WHAT IS EXPECTED: Could you repeat exactly the lines from the one containing "Young Asian woman" through the last line of the records, with no pictures?

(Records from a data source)
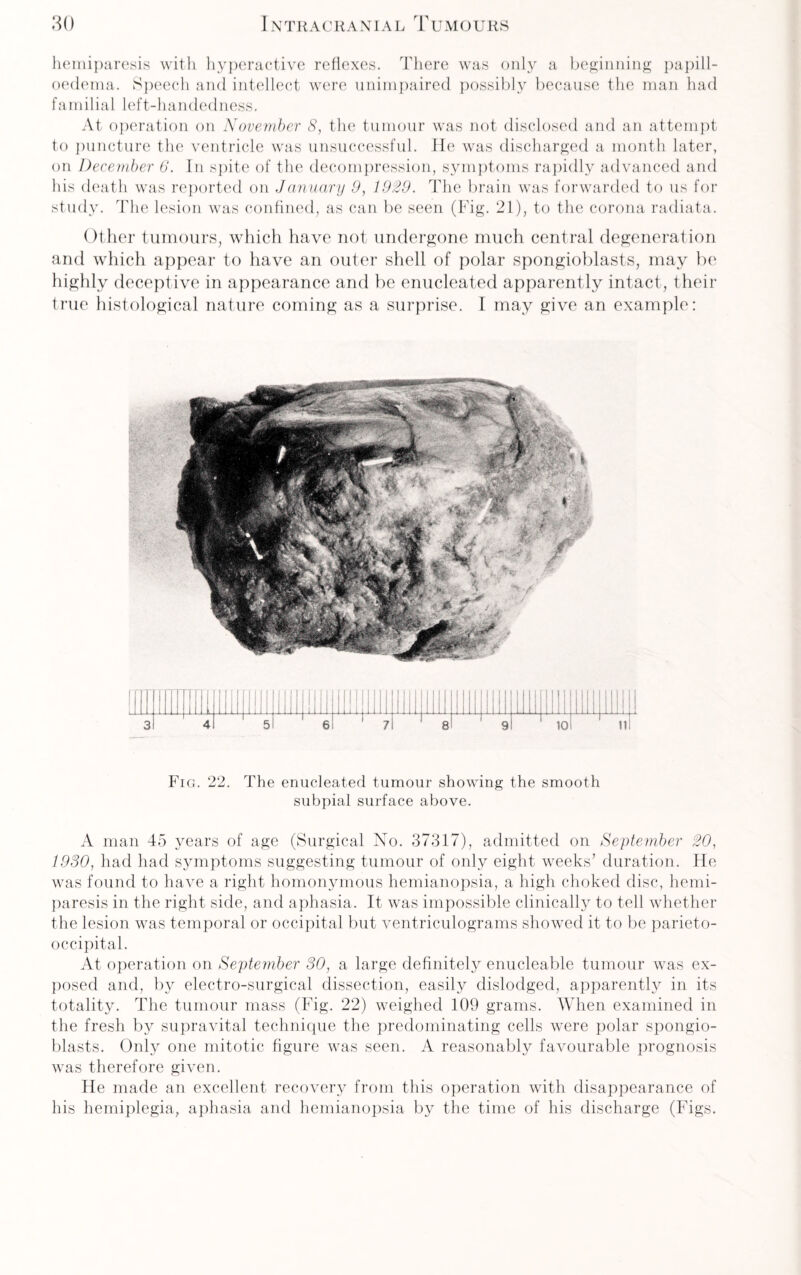 hemiparesis with hyperactive reflexes. There was only a beginning papill- oedema. Speech and intellect were unimpaired possibly because the man had familial left-handedness. At operation on November 8, the tumour was not disclosed and an attempt to puncture the ventricle was unsuccessful. He was discharged a month later, on December 6. In spite of the decompression, symptoms rapidly advanced and his death was reported on January 9, 1929. The brain was forwarded to us for study. The lesion was confined, as can be seen (Fig. 21), to the corona radiata. Other tumours, which have not undergone much central degeneration and which appear to have an outer shell of polar spongioblasts, may be highly deceptive in appearance and be enucleated apparently intact, their true histological nature coming as a surprise. I may give an example: Fig. 22. The enucleated tumour showing the smooth subpial surface above. A man 45 years of age (Surgical No. 37317), admitted on September 20, 1980, had had symptoms suggesting tumour of only eight weeks’ duration. He was found to have a right homonymous hemianopsia, a high choked disc, hemi¬ paresis in the right side, and aphasia. It was impossible clinically to tell whether the lesion was temporal or occipital but ventriculograms showed it to be parieto¬ occipital. At operation on September 30, a large definitely enucleable tumour was ex¬ posed and, by electro-surgical dissection, easily dislodged, apparently in its totality. The tumour mass (Fig. 22) weighed 109 grams. When examined in the fresh by supravital technique the predominating cells were polar spongio¬ blasts. Only one mitotic figure was seen. A reasonably favourable prognosis was therefore given. He made an excellent recovery from this operation with disappearance of his hemiplegia, aphasia and hemianopsia by the time of his discharge (Figs.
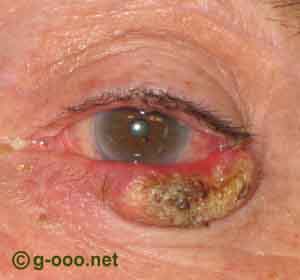 Tumor no olho - Entenda sobre tumores de pálpebra aqui!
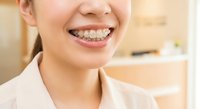 Young Asian woman with metal braces smiling showing orthodontic treatment in dental office for teeth straightening and oral health care.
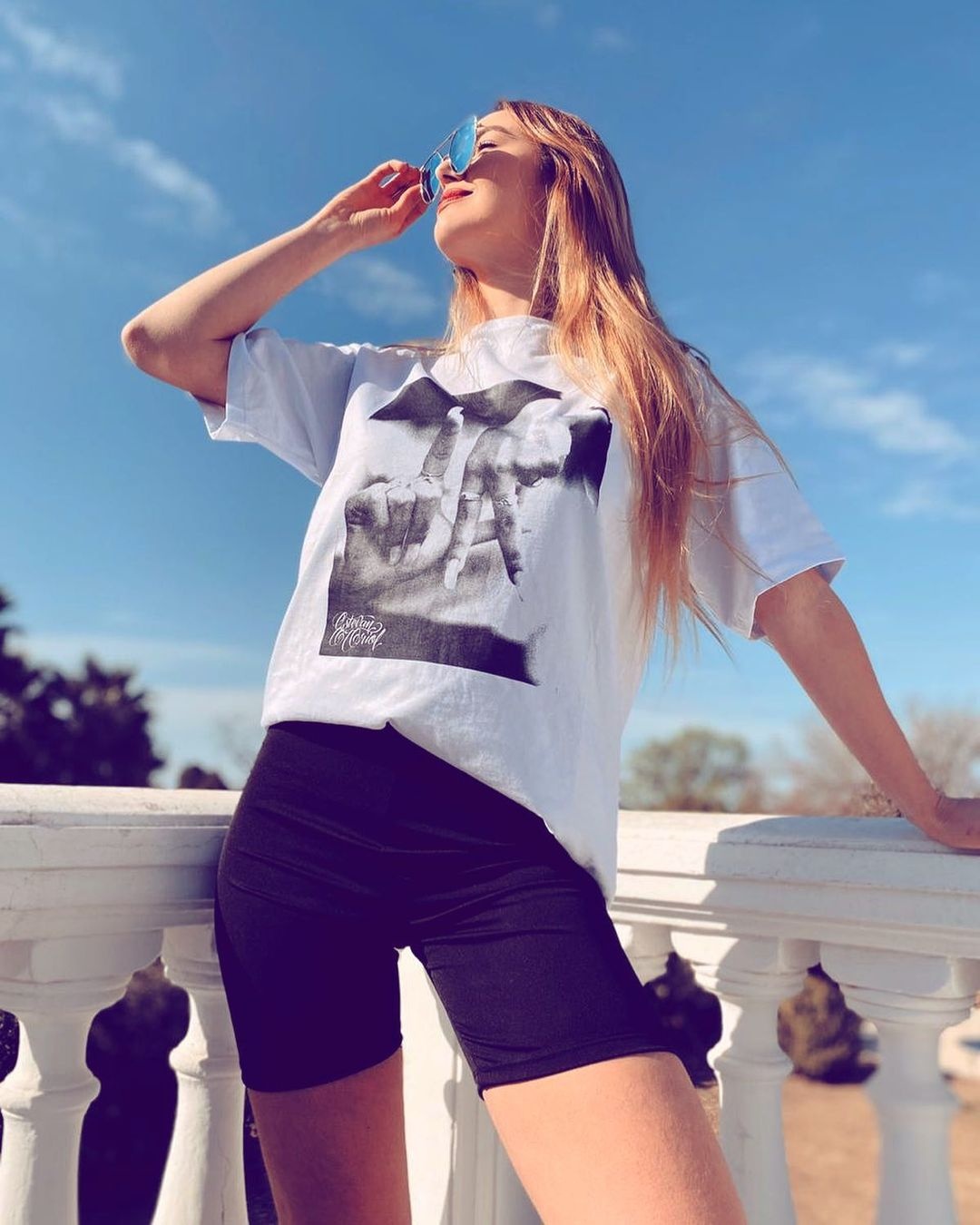 Hoa hậu Hoàn vũ Argentina bị chê giống chuyển giới ảnh 8 Hoa hau Hoan vu Argentina bi che giong chuyen gioi anh 8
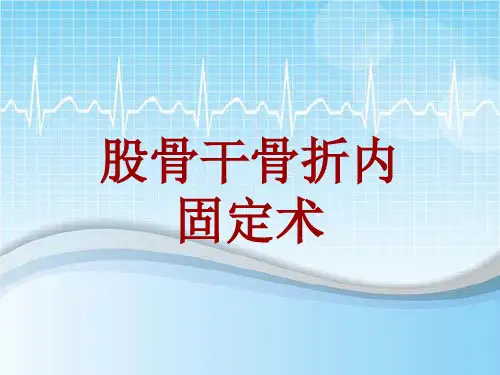 手术讲解模板：股骨干骨折内固定术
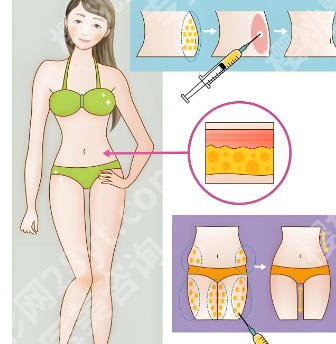 南京美莱吸脂怎么样?明星项目以及医院详细盘点!点击浏览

RESPONSE FOR THIS EXERCISE:
 Young Asian woman with metal braces smiling showing orthodontic treatment in dental office for teeth straightening and oral health care.
 Hoa hậu Hoàn vũ Argentina bị chê giống chuyển giới ảnh 8 Hoa hau Hoan vu Argentina bi che giong chuyen gioi anh 8
 手术讲解模板：股骨干骨折内固定术
 南京美莱吸脂怎么样?明星项目以及医院详细盘点!点击浏览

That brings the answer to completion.